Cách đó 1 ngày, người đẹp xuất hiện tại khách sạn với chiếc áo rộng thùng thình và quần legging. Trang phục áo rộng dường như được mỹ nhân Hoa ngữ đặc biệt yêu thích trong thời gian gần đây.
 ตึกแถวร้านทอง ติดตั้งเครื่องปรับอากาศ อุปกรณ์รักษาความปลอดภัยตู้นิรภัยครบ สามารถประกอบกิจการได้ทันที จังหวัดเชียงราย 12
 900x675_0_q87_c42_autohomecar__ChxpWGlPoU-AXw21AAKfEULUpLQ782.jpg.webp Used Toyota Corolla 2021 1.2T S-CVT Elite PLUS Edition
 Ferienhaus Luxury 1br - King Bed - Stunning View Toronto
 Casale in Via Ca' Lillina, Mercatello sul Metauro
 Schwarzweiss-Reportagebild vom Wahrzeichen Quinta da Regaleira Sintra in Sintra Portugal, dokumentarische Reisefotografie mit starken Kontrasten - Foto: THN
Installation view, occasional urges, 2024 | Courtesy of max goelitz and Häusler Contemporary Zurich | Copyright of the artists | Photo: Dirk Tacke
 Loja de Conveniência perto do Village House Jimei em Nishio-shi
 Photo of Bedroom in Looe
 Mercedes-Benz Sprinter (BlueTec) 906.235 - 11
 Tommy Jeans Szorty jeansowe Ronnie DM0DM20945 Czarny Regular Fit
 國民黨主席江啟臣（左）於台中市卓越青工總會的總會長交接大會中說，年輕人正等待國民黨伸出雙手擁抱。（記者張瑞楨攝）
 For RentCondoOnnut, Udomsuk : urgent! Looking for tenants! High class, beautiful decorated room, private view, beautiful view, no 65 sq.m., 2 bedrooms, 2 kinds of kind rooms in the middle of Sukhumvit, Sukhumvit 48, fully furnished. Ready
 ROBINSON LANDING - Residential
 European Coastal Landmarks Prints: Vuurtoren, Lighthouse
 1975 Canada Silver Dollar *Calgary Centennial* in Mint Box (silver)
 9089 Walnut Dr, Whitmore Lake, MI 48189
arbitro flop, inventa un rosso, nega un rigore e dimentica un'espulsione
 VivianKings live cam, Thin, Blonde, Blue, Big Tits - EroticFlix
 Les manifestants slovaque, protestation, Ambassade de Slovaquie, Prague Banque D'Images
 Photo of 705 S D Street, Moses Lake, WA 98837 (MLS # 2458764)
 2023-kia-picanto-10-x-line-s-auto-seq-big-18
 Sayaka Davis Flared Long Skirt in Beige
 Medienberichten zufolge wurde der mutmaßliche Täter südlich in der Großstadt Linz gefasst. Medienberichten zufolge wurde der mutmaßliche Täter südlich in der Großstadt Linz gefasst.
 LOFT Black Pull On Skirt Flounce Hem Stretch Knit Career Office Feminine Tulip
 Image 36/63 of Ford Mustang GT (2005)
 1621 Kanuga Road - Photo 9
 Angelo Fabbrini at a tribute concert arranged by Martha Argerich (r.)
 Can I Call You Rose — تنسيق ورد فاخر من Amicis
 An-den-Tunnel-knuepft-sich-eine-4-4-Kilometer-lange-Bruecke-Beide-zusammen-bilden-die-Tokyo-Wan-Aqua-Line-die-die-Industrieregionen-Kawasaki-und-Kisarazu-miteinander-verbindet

→ Required work
Some lines in the data above may hold the word "Skirt". Say how many, with no other words.

→ Solution below
2